Records for this task:

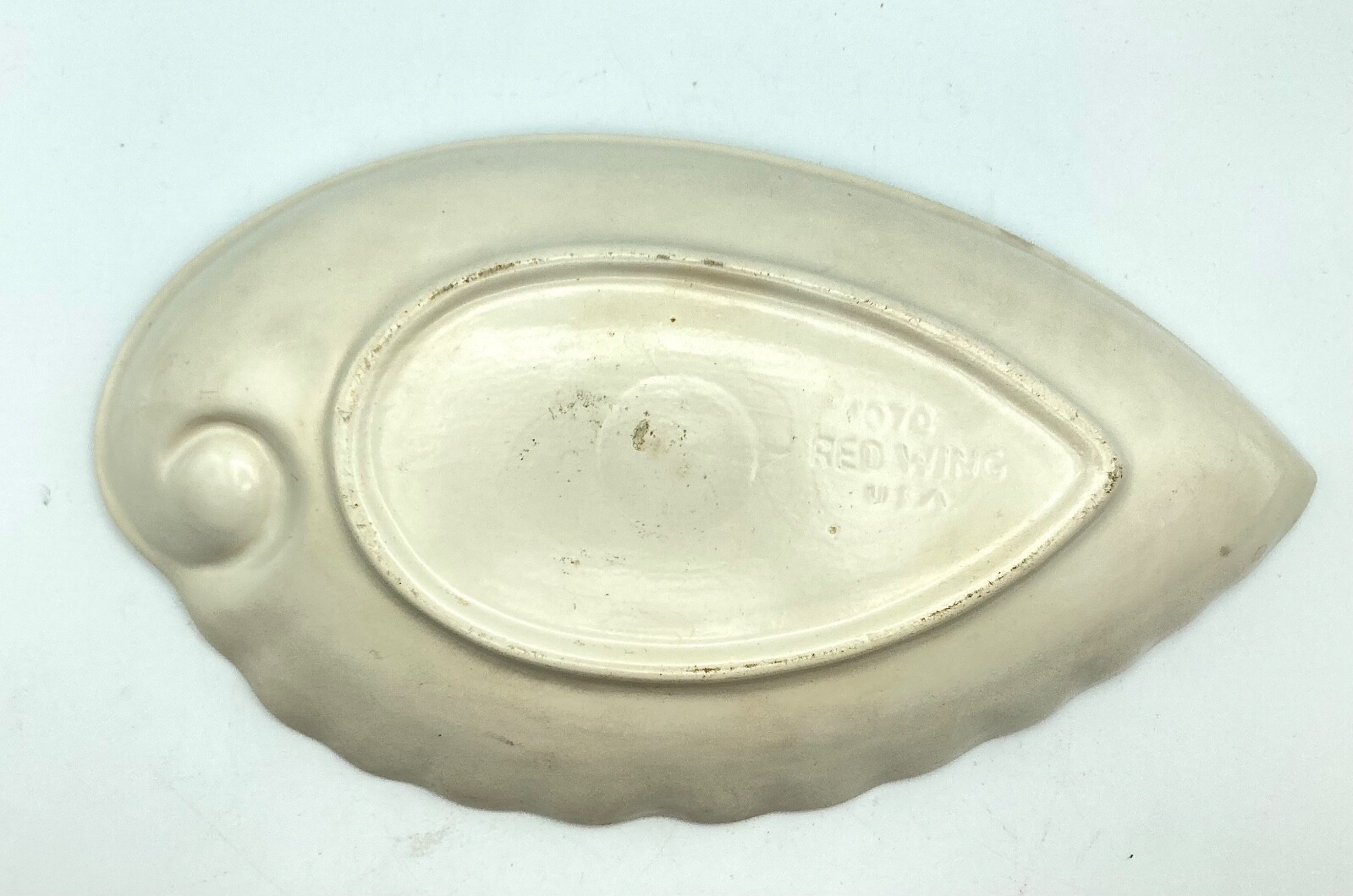 Red Wing Pottery Bowl Green w Cream Base Shell Shape 1950s Vintage 12″ long
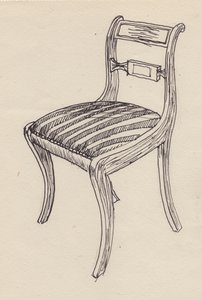 Krzesło z siedziskiem w paski, 1951. autorstwa Shirley Markham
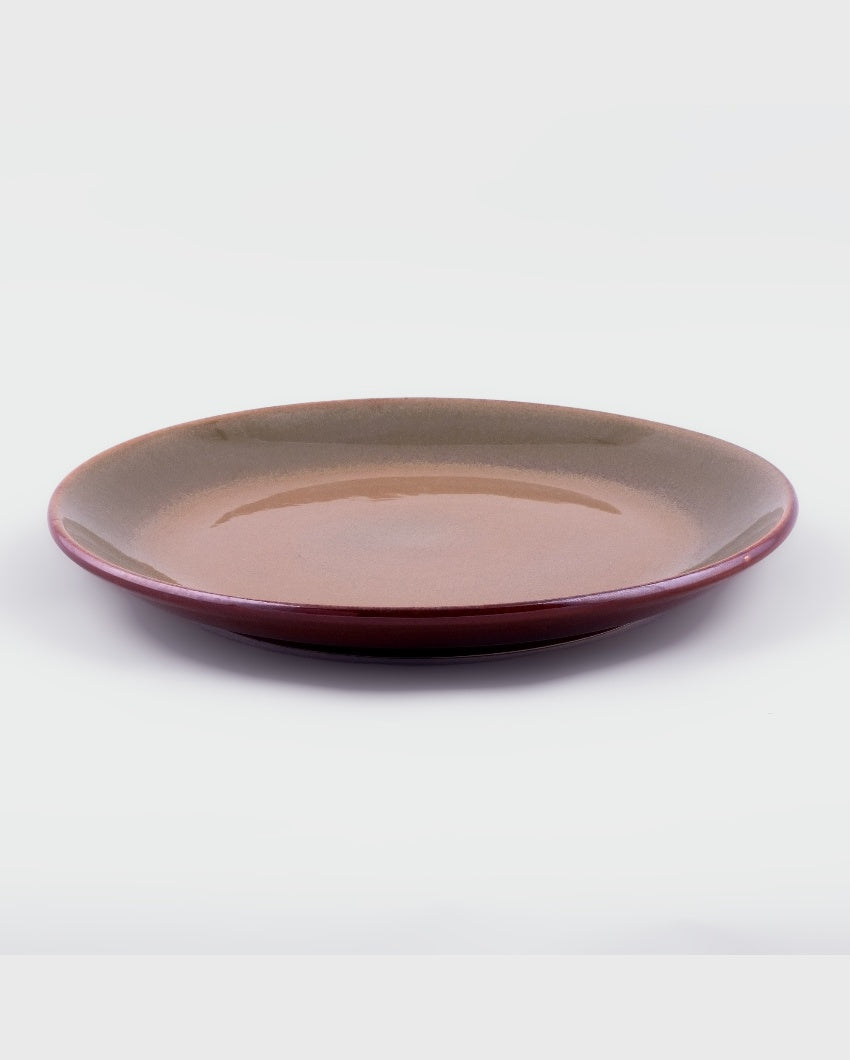 Warm Brown Ceramic Dinner Plates | 10 inches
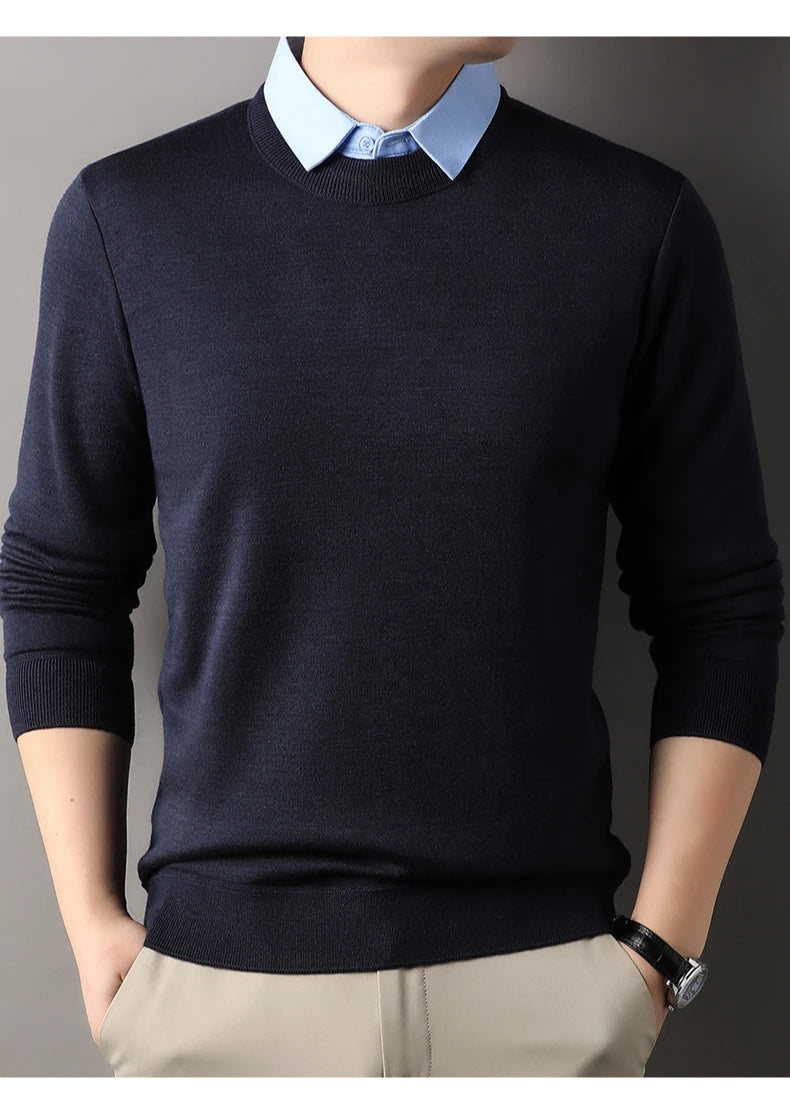 NoEnName_Null Men's Casual Pullover – Wool & Lycra Blend with Turn-Down Collar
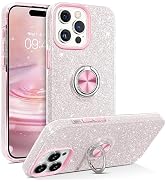 DOMAVER for iPhone 15 Pro Case, Phone Case for iPhone 15 Pro with Rotating Ring Stand Glitter Bli...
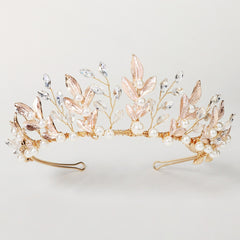 Rose Golden Crystal Bridal Tiara Wedding Hair Accessory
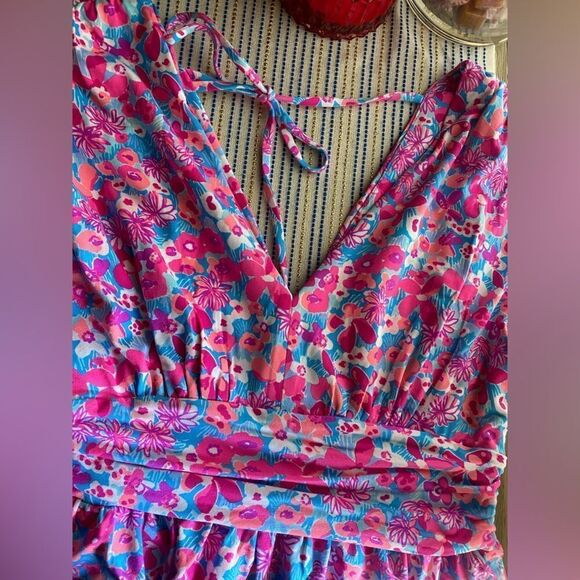 Lilly Pulitzer Mini  Dress Womens Size Small Floral Sleeveless Tiered Ruffle - Picture 9 of 16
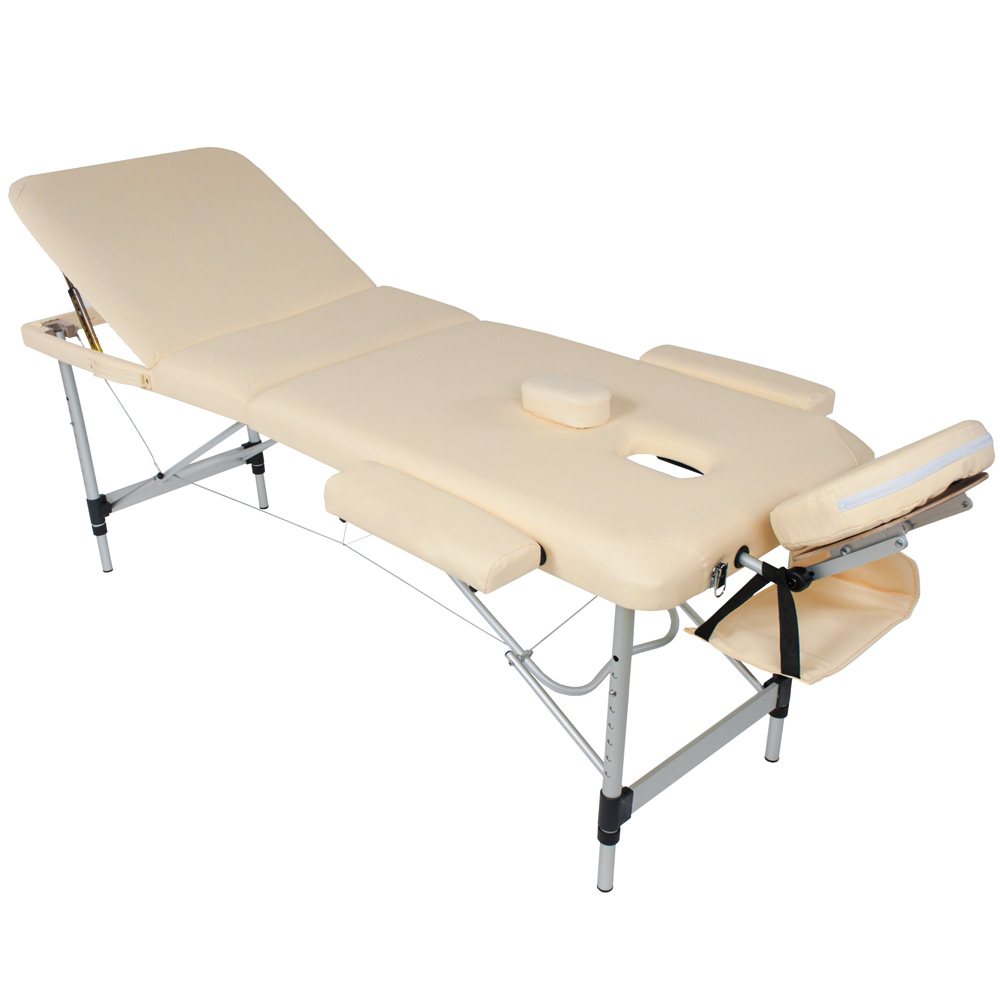 Table de massage 3 zones aluminium rembourrage 3cm - beige | tectake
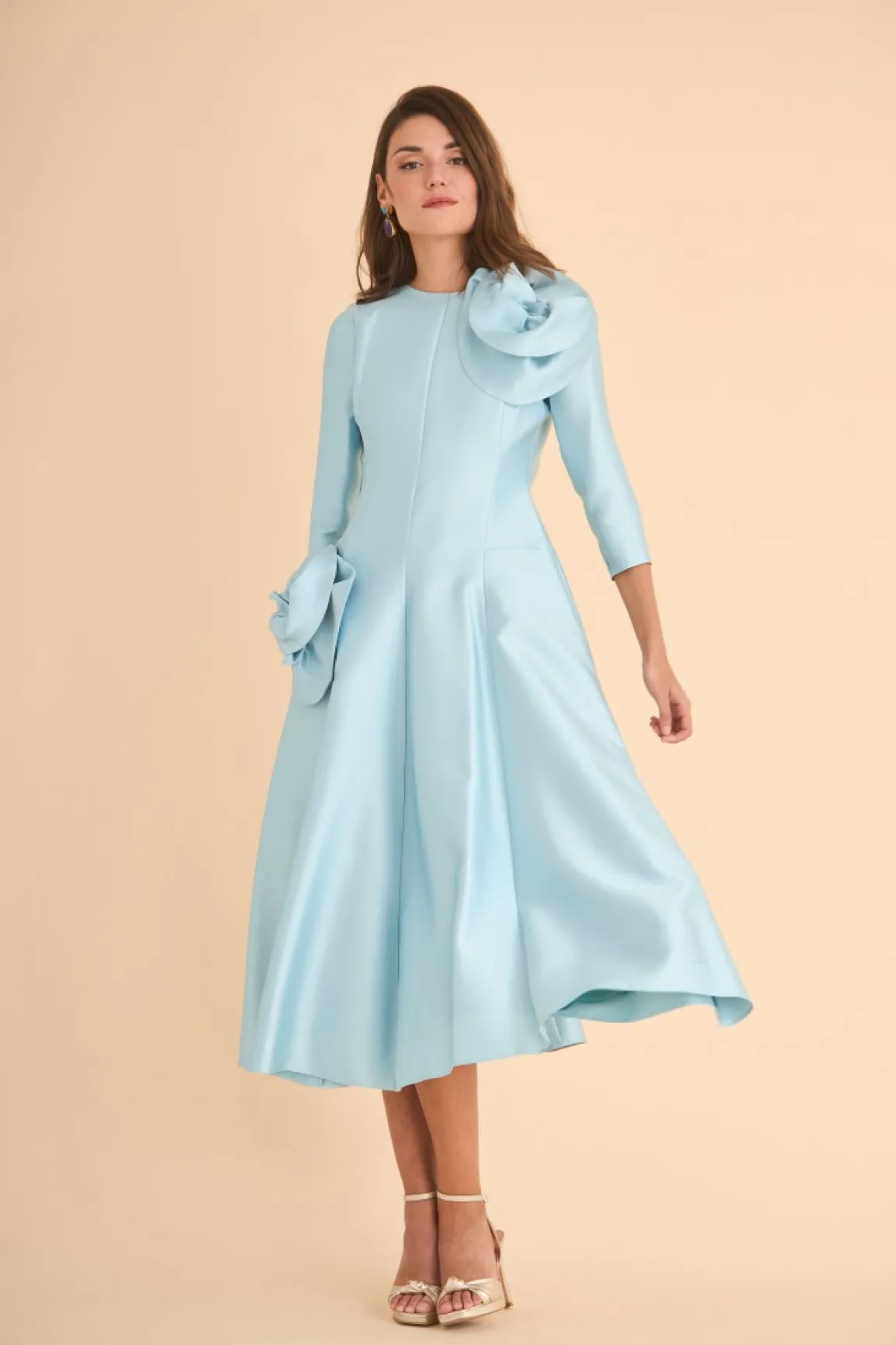 Coosy MARIA BARAZA X COOSY|Vestidos midi*VESTIDO MARINA MB CELESTE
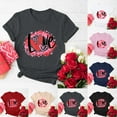 thumbnail image 5 of Jewelreauty Women Valentine's Day Shirts Short Sleeve Letter Heart Graphic T-Shirts Casual Pullover Tunic Tops (S, A Red), 5 of 5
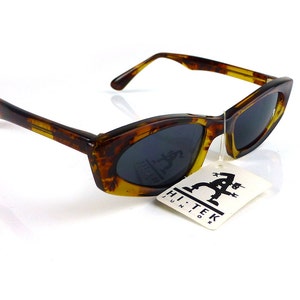 rectangular unisex sunglasses tortoise frame black lenses Retro Goth Steampunk style NOS 1990s Hi Tek Junior image 3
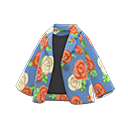 장미 무늬 재킷 [오렌지 로즈&블루] (블루/브라운)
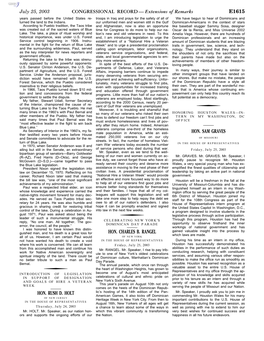 CONGRESSIONAL RECORD— Extensions of Remarks E1615 HON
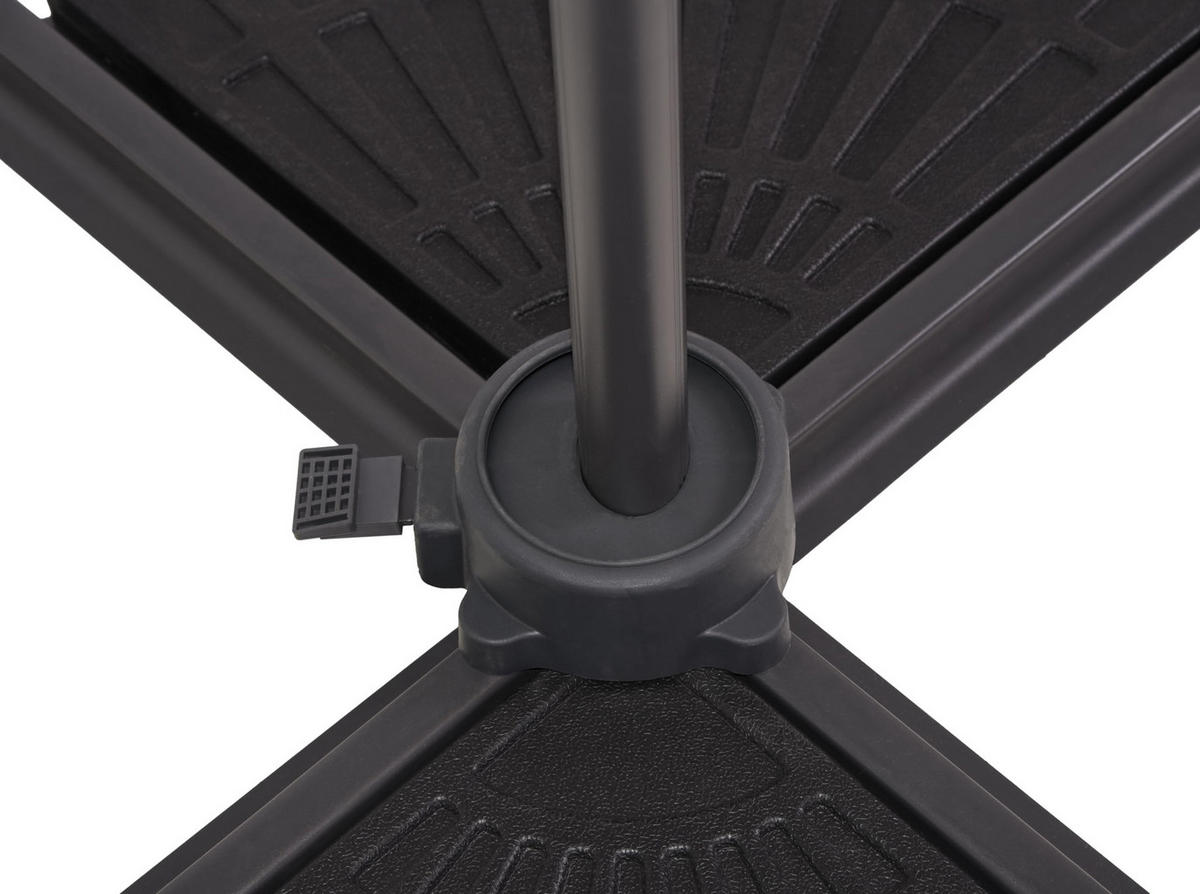 AMPELSCHIRM Ulla Ø 300cm Anthrazit Sonnenschirm mit Ständer - Anthrazit, Metall (300/356cm) - DELUKE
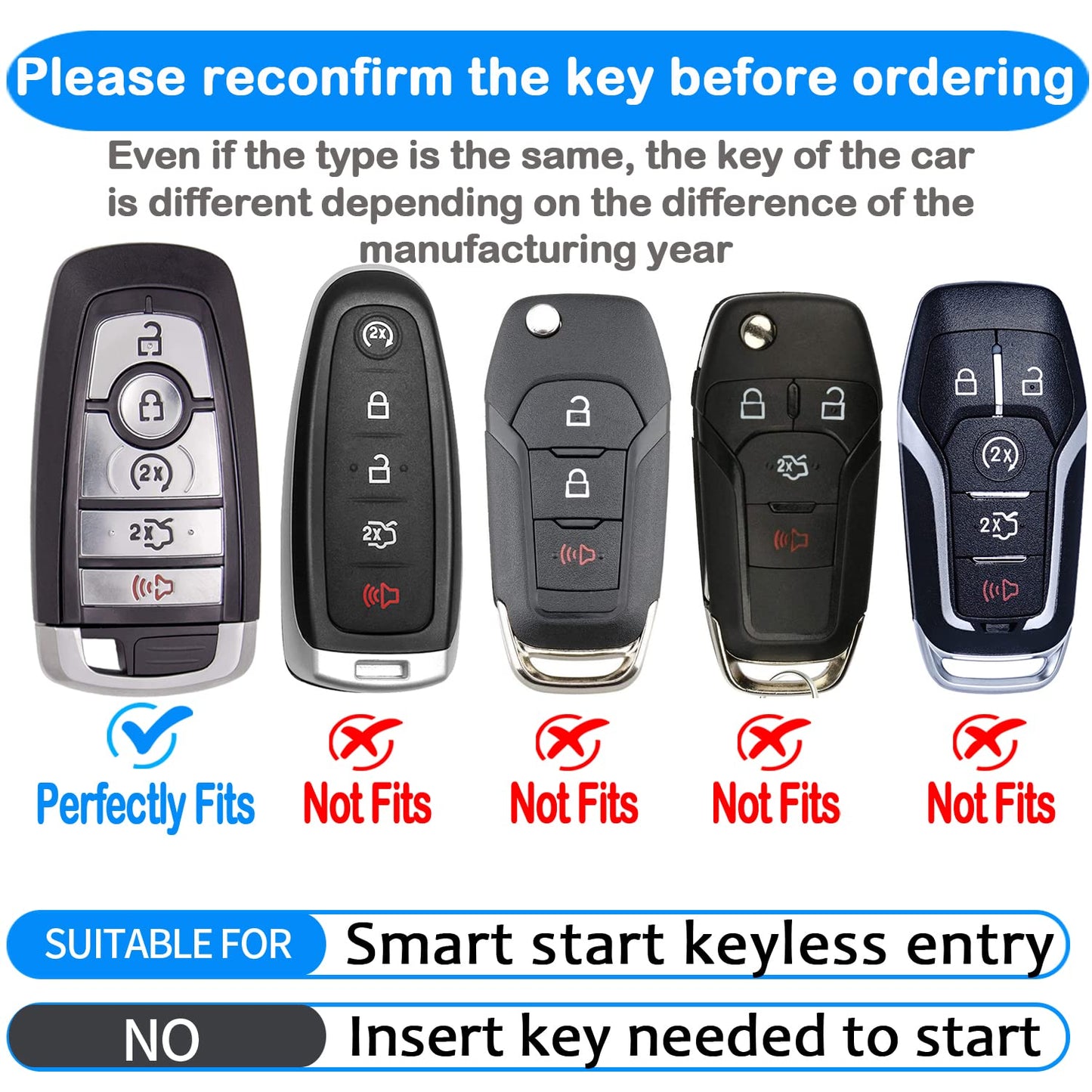 Tukellen for Ford Leather Key Fob Cover with Keychain Compatible with Ford Explorer Mustang Fusion Escape F150 F250 F350 F450 F550 Edge-Black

Prompt:
Before printing the records again, strip out the pictures; change nothing else.

Response to this exercise:
 Red Wing Pottery Bowl Green w Cream Base Shell Shape 1950s Vintage 12″ long
 Krzesło z siedziskiem w paski, 1951. autorstwa Shirley Markham
 Warm Brown Ceramic Dinner Plates | 10 inches
 NoEnName_Null Men's Casual Pullover – Wool & Lycra Blend with Turn-Down Collar
 DOMAVER for iPhone 15 Pro Case, Phone Case for iPhone 15 Pro with Rotating Ring Stand Glitter Bli...
 Rose Golden Crystal Bridal Tiara Wedding Hair Accessory
 Lilly Pulitzer Mini  Dress Womens Size Small Floral Sleeveless Tiered Ruffle - Picture 9 of 16
 Table de massage 3 zones aluminium rembourrage 3cm - beige | tectake
 Coosy MARIA BARAZA X COOSY|Vestidos midi*VESTIDO MARINA MB CELESTE
 thumbnail image 5 of Jewelreauty Women Valentine's Day Shirts Short Sleeve Letter Heart Graphic T-Shirts Casual Pullover Tunic Tops (S, A Red), 5 of 5
 rectangular unisex sunglasses tortoise frame black lenses Retro Goth Steampunk style NOS 1990s Hi Tek Junior image 3
 장미 무늬 재킷 [오렌지 로즈&블루] (블루/브라운)
 CONGRESSIONAL RECORD— Extensions of Remarks E1615 HON
 AMPELSCHIRM Ulla Ø 300cm Anthrazit Sonnenschirm mit Ständer - Anthrazit, Metall (300/356cm) - DELUKE
 Tukellen for Ford Leather Key Fob Cover with Keychain Compatible with Ford Explorer Mustang Fusion Escape F150 F250 F350 F450 F550 Edge-Black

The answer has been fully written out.